*Exercise objective:*
Without including any pictures, copy each entry below exactly.

Source records: Begin

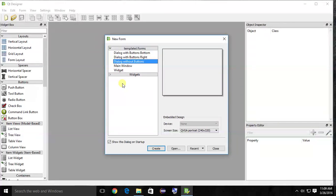We are creating a login form. The login dialog will open for the user to insert a username and password, then a login button and a sign-up or cancel button — you can use anything. So this is the Qt Designer interface.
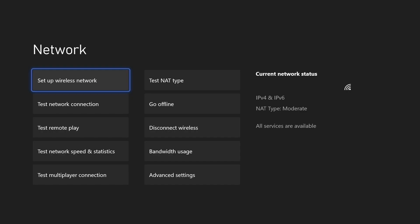In the network settings, all you need to do is select Test NAT type and then allow the test to run and it should display your NAT type once it's done.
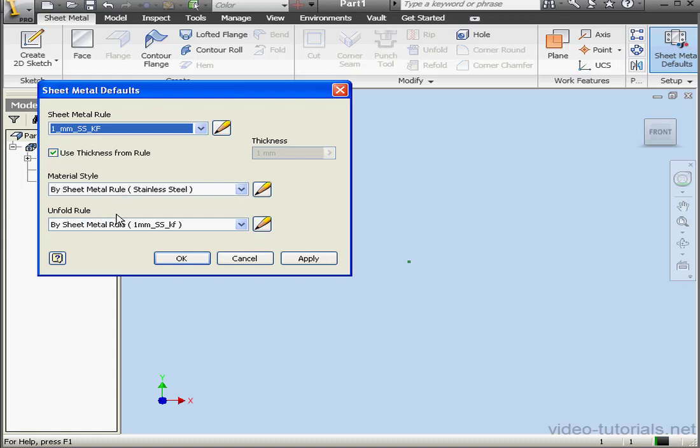This concludes our tutorial about sheet metal rules. In my next tutorial, I'm going to be reviewing the style library, learning how we can write to the library to make our styles available to all files in our project.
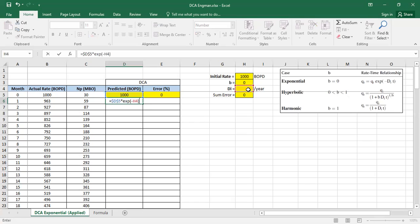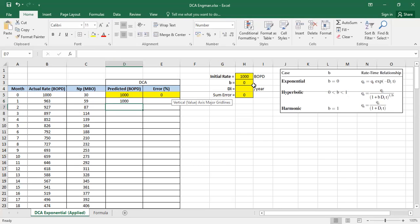Be careful: my decline rate here is in per year. Usually on a day-to-day basis you use decline rate per year, which is more popular. So that value should be divided by 12 — converting from per year to per month. The decline rate in per year divided by 12, so it looks like this. I can just double-click to fill down.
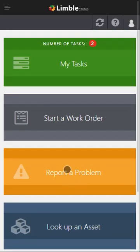And that's the Limble Mobile application. If you have any additional questions or any questions about this tutorial at all please feel free to reach out to us at MEL at Limble CMMS and we'd be more than happy to answer those. Thank you very much for watching this tutorial and have a great day.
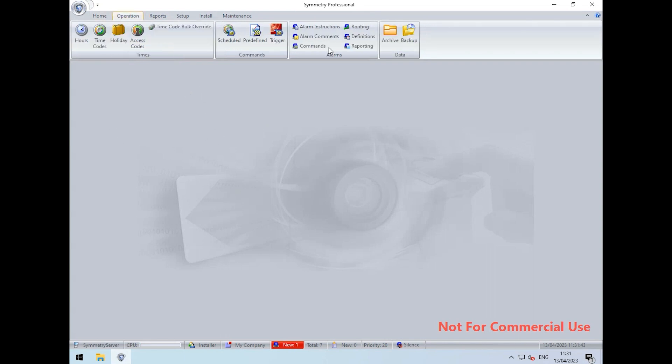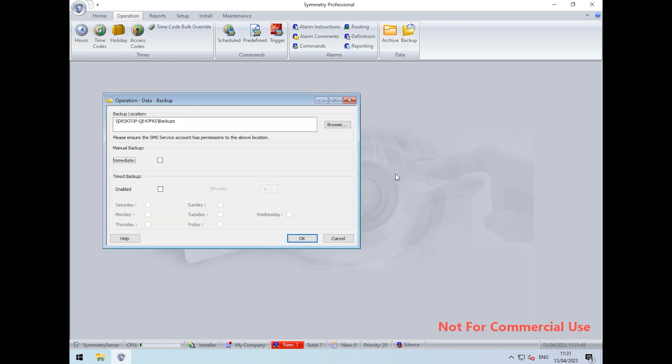If we go to operation and backup, we can then choose to take an immediate backup. This can also be timed or scheduled so that backups are taken on a regular basis.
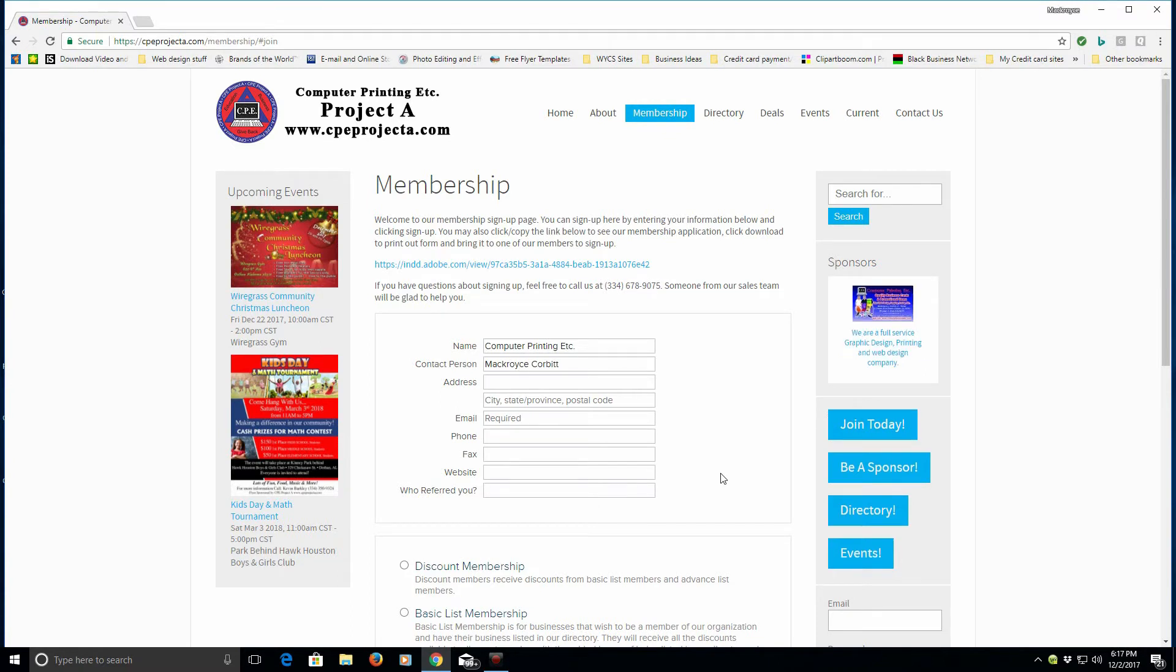Thank you for watching this presentation, and once again, that is www.cpeprojecta.com. Have a blessed day.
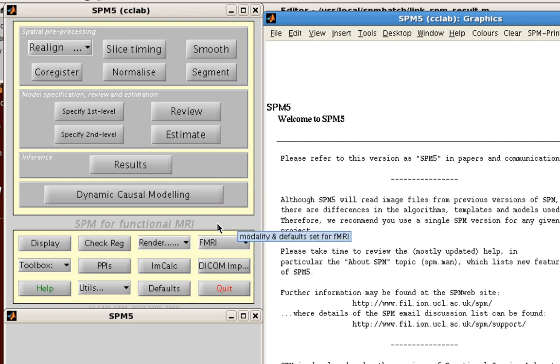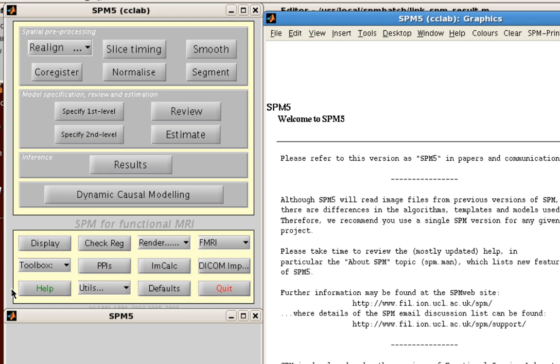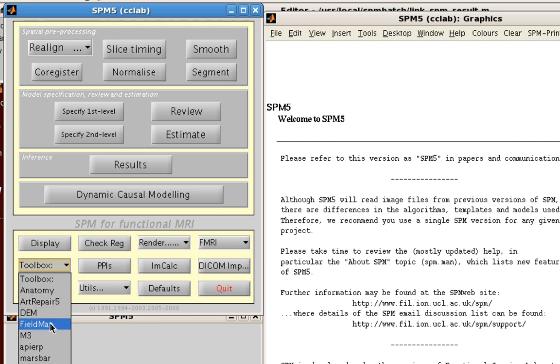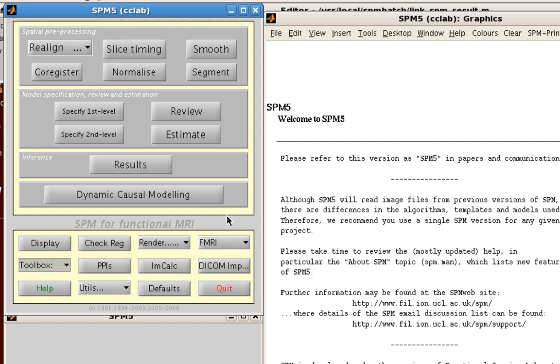And then you can actually look at those results by clicking the result button. The rest of these are mostly utilities, other things you may have downloaded, added to your path. For example in this toolbox drop-down menu we have things like a field mapping correction toolbox and the Mars bar toolbox which you might use, as well as some other things which we can get into later.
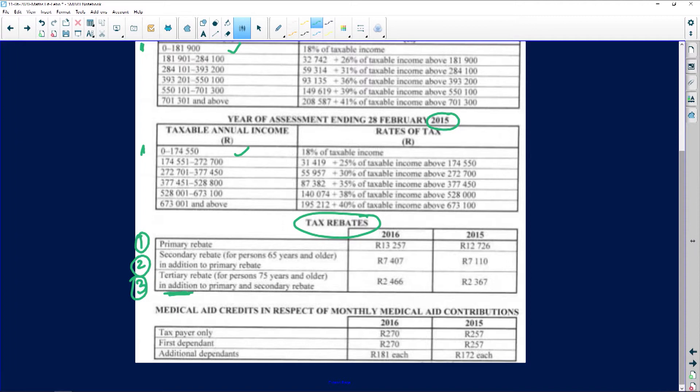Quick recap: a rebate is a refund, and everybody qualifies for one. The primary rebate — everyone qualifies. The secondary rebate is for anyone 65 years and older, so you add primary plus secondary. The tertiary rebate is the third one: if you're 75 or older, you qualify for all three rebates. Regarding medical aid credits in respect of monthly contributions for the taxpayer, the amount varies from year to year — slightly more for 2016 than 2015 — then first dependent and additional dependents.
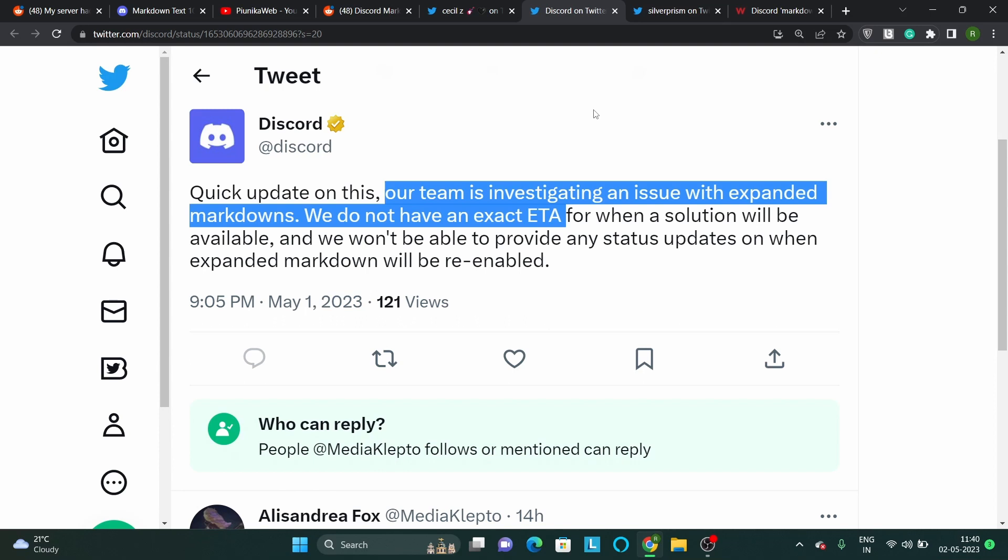Fortunately, Discord has responded to the matter concerning the missing or removed Markdown feature. The team is currently investigating the issue, but no ETA has been shared as yet.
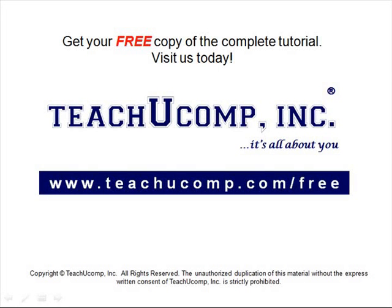Get your free copy of the complete tutorial at www.teachucomp.com forward slash free.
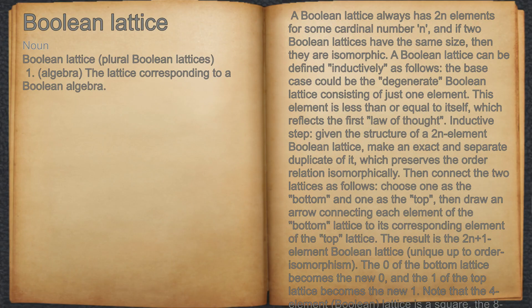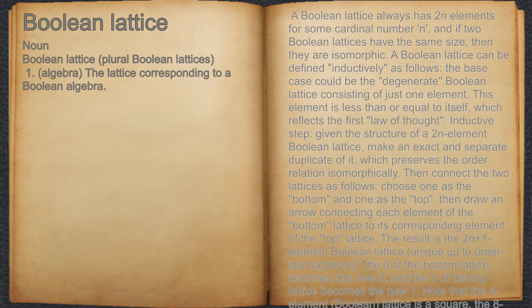Boolean lattice. Noun. Algebra: the lattice corresponding to a Boolean algebra. For example, a Boolean lattice always has 2^n elements for some cardinal number n, and if two Boolean lattices have the same size, then they are isomorphic. A Boolean lattice can be defined inductively as follows.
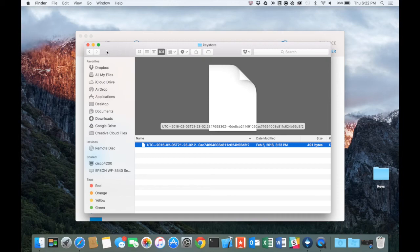Once again, thanks for watching. We're going to have another video here about how to import your keys now into your new thing.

Source records: End

*Problem solution:*
We are creating a login form. The login dialog will open for the user to insert a username and password, then a login button and a sign-up or cancel button — you can use anything. So this is the Qt Designer interface.
In the network settings, all you need to do is select Test NAT type and then allow the test to run and it should display your NAT type once it's done.
This concludes our tutorial about sheet metal rules. In my next tutorial, I'm going to be reviewing the style library, learning how we can write to the library to make our styles available to all files in our project.
Be careful: my decline rate here is in per year. Usually on a day-to-day basis you use decline rate per year, which is more popular. So that value should be divided by 12 — converting from per year to per month. The decline rate in per year divided by 12, so it looks like this. I can just double-click to fill down.
And that's the Limble Mobile application. If you have any additional questions or any questions about this tutorial at all please feel free to reach out to us at MEL at Limble CMMS and we'd be more than happy to answer those. Thank you very much for watching this tutorial and have a great day.
If we go to operation and backup, we can then choose to take an immediate backup. This can also be timed or scheduled so that backups are taken on a regular basis.
Thank you for watching this presentation, and once again, that is www.cpeprojecta.com. Have a blessed day.
And then you can actually look at those results by clicking the result button. The rest of these are mostly utilities, other things you may have downloaded, added to your path. For example in this toolbox drop-down menu we have things like a field mapping correction toolbox and the Mars bar toolbox which you might use, as well as some other things which we can get into later.
Quick recap: a rebate is a refund, and everybody qualifies for one. The primary rebate — everyone qualifies. The secondary rebate is for anyone 65 years and older, so you add primary plus secondary. The tertiary rebate is the third one: if you're 75 or older, you qualify for all three rebates. Regarding medical aid credits in respect of monthly contributions for the taxpayer, the amount varies from year to year — slightly more for 2016 than 2015 — then first dependent and additional dependents.
Fortunately, Discord has responded to the matter concerning the missing or removed Markdown feature. The team is currently investigating the issue, but no ETA has been shared as yet.
Get your free copy of the complete tutorial at www.teachucomp.com forward slash free.
Boolean lattice. Noun. Algebra: the lattice corresponding to a Boolean algebra. For example, a Boolean lattice always has 2^n elements for some cardinal number n, and if two Boolean lattices have the same size, then they are isomorphic. A Boolean lattice can be defined inductively as follows.
Once again, thanks for watching. We're going to have another video here about how to import your keys now into your new thing.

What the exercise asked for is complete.